# Advice needed. Accident in Spain.



## redkite93

Father in law has been sandwiched between two lorries in northern Spain. Thankfully no injuries.... But vehicle not drive able or even fixable according to the local garage. In a local hotel waiting for insurance company to do there thing.
So I'm asking for any advice or information that they might need apart from the ones that immediately spring to mind, ie keep all receipts.


----------



## hogan

I would advise that any paperwork that you have or need to hand over is to get at least 2 copies.


----------



## inkey-2008

I would advise him to find a storage place to put all the bits and bobs in, the van will be unlocked and be handy for any toe rag to help themselves.

And find a one way van hire to bring it home.

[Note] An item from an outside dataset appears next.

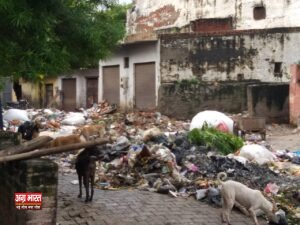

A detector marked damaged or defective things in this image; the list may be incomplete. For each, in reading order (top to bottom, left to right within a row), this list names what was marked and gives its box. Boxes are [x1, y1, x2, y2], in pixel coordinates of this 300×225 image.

If the van is a right off I doubt they will bring it home, my friends was left in southern France after it was written off, he then had to return with another van to get all the personal bits back home.

Andy


----------



## Grizzly

Also make sure that he takes a note, at the time, of who says what to whom, dated and timed and with the name of person who said it. It is useful, if you have any comeback with the insurance company or anyone else, to be able to quote back exactly what was said and who said it. With the insurance company it might be useful, at the end of any conversation, to give them a summary of what you think was agreed and ask them to confirm that this was so.

G


----------



## SilverFox13

We had an incident near Taragona a few years ago and had the van towed to the nearest Hymer dealer, which, although being super helpful we thought later that we should have got the van to the nearest campsite and weatherproofed it there and give ourselves some time. The insurer (Saga) seemed unsure of whether to repatriate it or get it repaired in Spain. 
The van ended up being repatriated to the UK which turned out to be disasterous. Some advice here .. it was looted and damaged so badly on its route home that it was a total write off when it arrived in the UK. 
We did eventually get paid out but wish we had emptied the van prior to transit. 
Send them my best wishes.


----------



## raynipper

Take pictures of every conceivable thing.!!!

Ray.


----------



## Penquin

Like Ray, take pictures not only of where it happened but of everything inside the vehicle and also of any people that you deal with, including date and time if possible (although if digital that information is on the exfil data automatically.).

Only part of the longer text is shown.